Exercise brief: Drop the images; return everything else in the listing below exactly.

Data block:
......

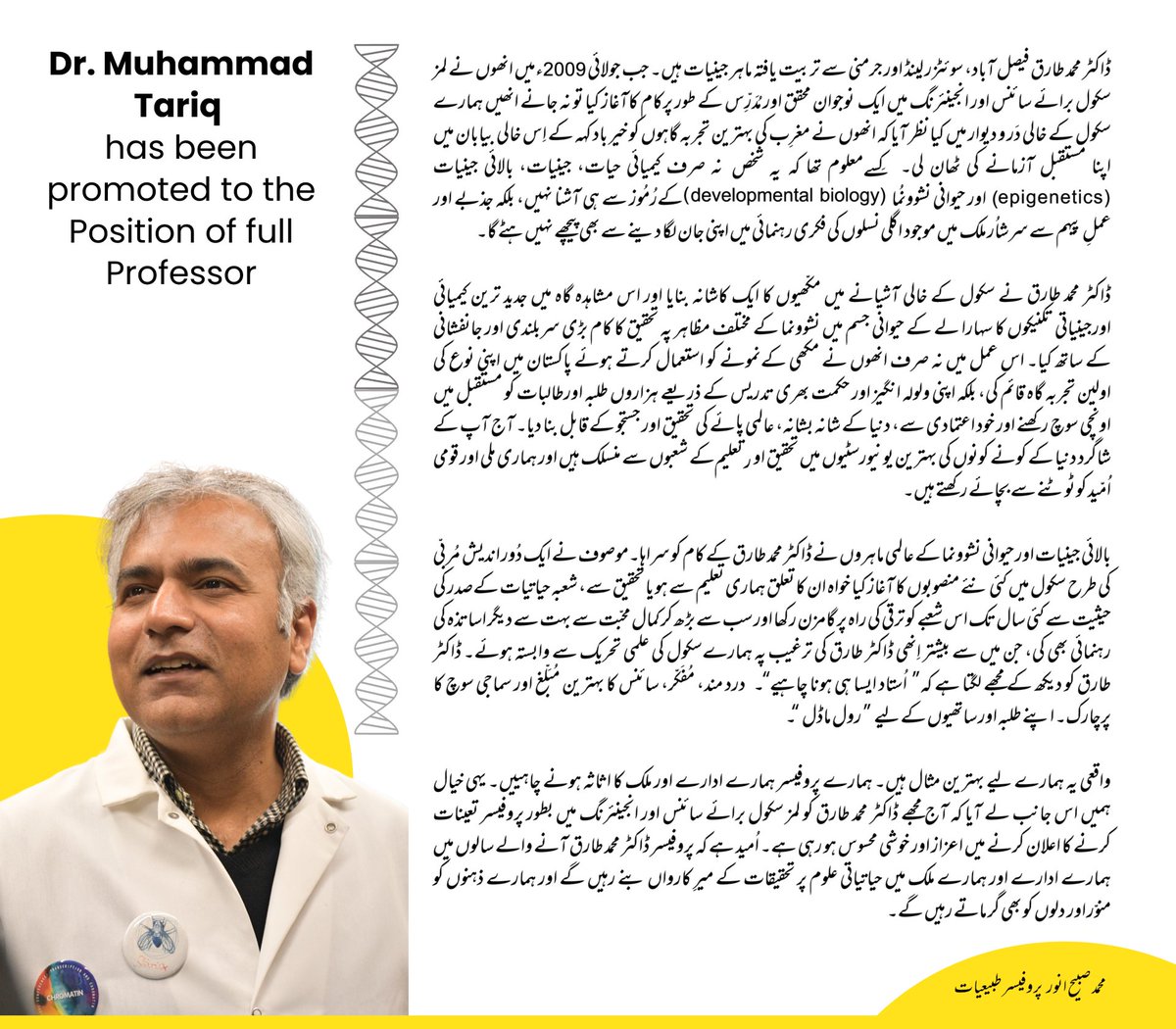 sbasselums's tweet photo. اس خوشی کے موقعہ پر ڈین کا دلفصل مبارکبادی نوٹ پڑھیے
👇
@AnwarSabieh @DrMohdTariq @LifeAtLUMS @BiologyLums https://t.co/yM7XUg8HJQ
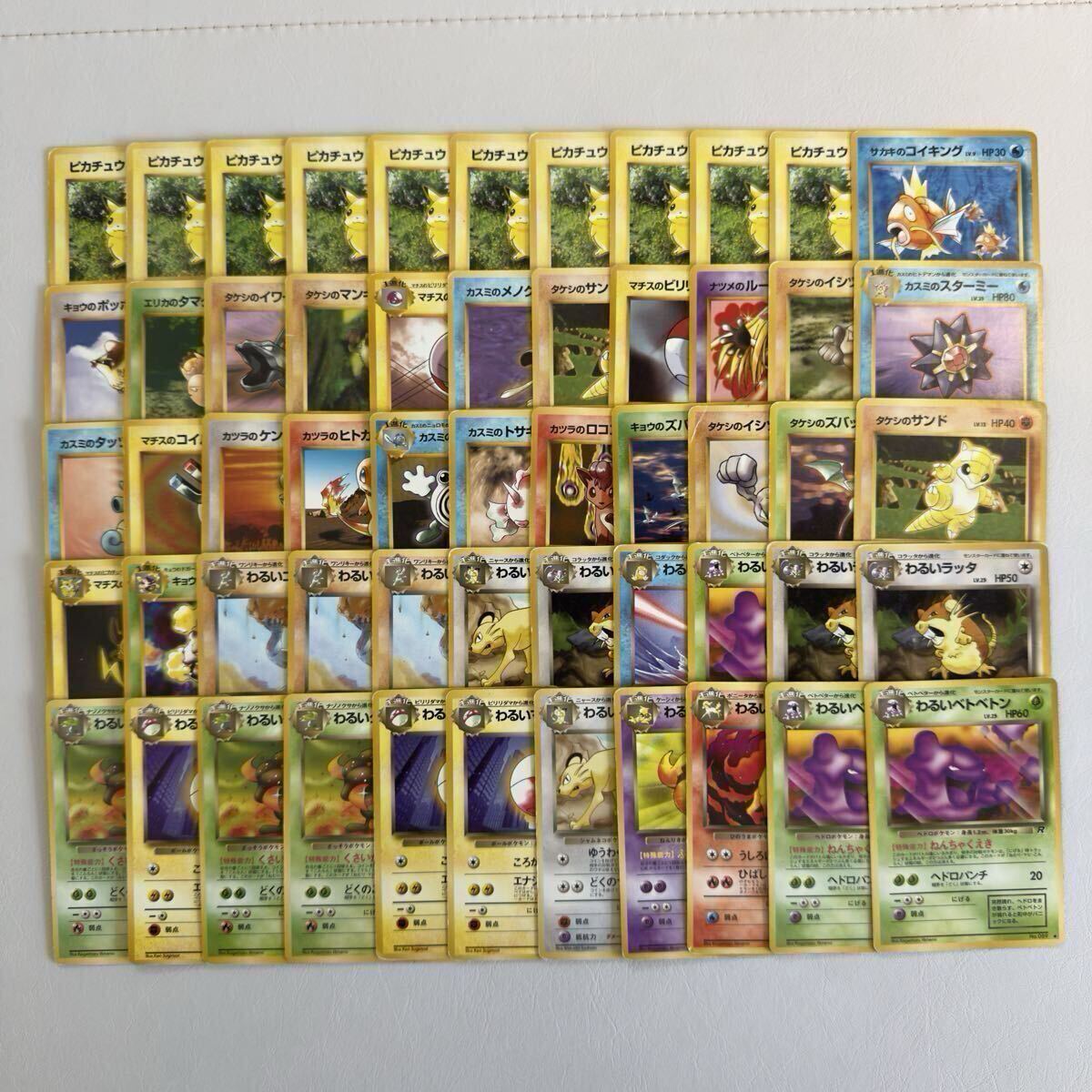 ポケモンカード コイキングの値段と価格推移は？｜312件の売買データ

......

Answer to this exercise:
 sbasselums's tweet photo. اس خوشی کے موقعہ پر ڈین کا دلفصل مبارکبادی نوٹ پڑھیے
👇
@AnwarSabieh @DrMohdTariq @LifeAtLUMS @BiologyLums https://t.co/yM7XUg8HJQ
 ポケモンカード コイキングの値段と価格推移は？｜312件の売買データ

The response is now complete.